Correlation Matrix Visualization using ggplot2
Develop a script in R to calculate and visualize a correlation matrix for a given dataset, with color-coded cells indicating the strength and direction of correlations, using ggplot2’s geom_tile function.

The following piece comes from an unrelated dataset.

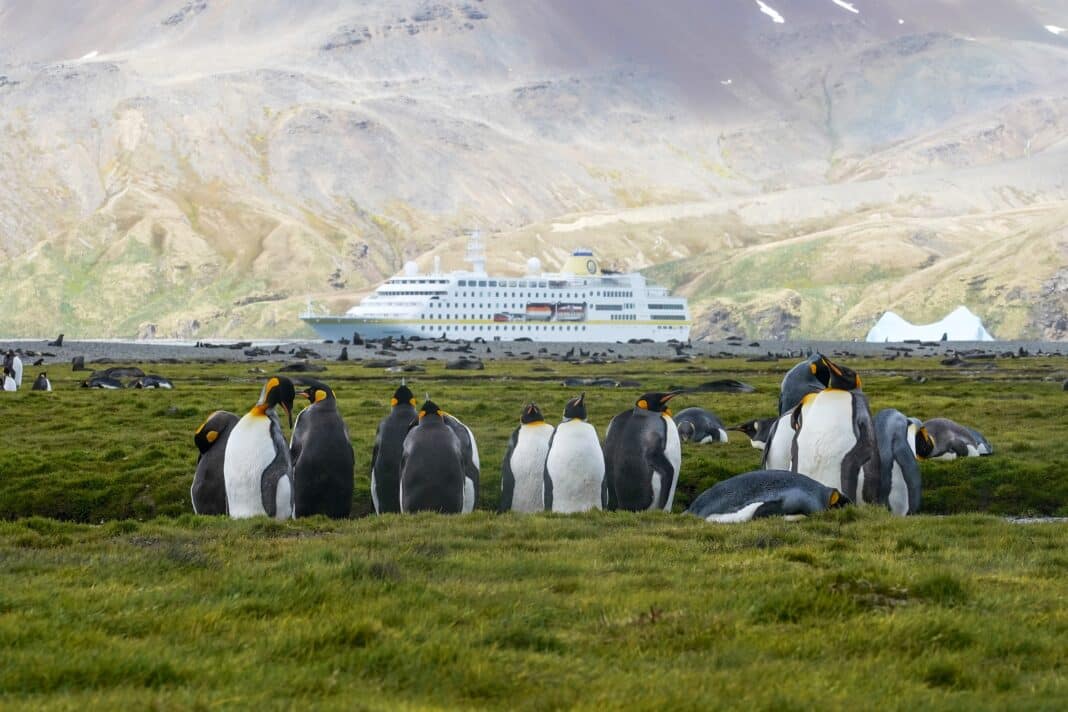 MS Hamburg steuert auf der Route von Kap zu Kap das Britische Überseeterritorium Tristan da Cunha im Südatlantik an • 29-tägige Kreuzfahrt startet in der Antarktis und endet in Südafrika. Foto: © Plantours Kreuzfahrten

Step 1: load the Libraries.
# Load necessary libraries
library (ggplot2)
library (dplyr)
Attaching package: 'dplyr'
The following objects are masked from 'package:stats':
filter, lag
The following objects are masked from 'package:base':
intersect, setdiff, setequal, union
Dataset.
# Preview the dataset
head (mtcars)
mpg cyl disp hp drat wt qsec vs am gear carb
Mazda RX4 21.0 6 160 110 3.90 2.620 16.46 0 1 4 4
Mazda RX4 Wag 21.0 6 160 110 3.90 2.875 17.02 0 1 4 4
Datsun 710 22.8 4 108 93 3.85 2.320 18.61 1 1 4 1
Hornet 4 Drive 21.4 6 258 110 3.08 3.215 19.44 1 0 3 1
Hornet Sportabout 18.7 8 360 175 3.15 3.440 17.02 0 0 3 2
Valiant 18.1 6 225 105 2.76 3.460 20.22 1 0 3 1
Cundefined.
# Use built-in mtcars dataset
data (mtcars)
# Compute correlation matrix
cor_matrix <- cor (mtcars)
# Convert matrix to a data frame for plotting
cor_df <- as.data.frame (as.table (cor_matrix))
head (cor_df)
Var1 Var2 Freq
1 mpg mpg 1.0000000
2 cyl mpg -0.8521620
3 disp mpg -0.8475514
4 hp mpg -0.7761684
5 drat mpg 0.6811719
6 wt mpg -0.8676594
Explanation :
cor(mtcars)
computes pairwise correlation.
as.table()
flattens the matrix into a long-format table.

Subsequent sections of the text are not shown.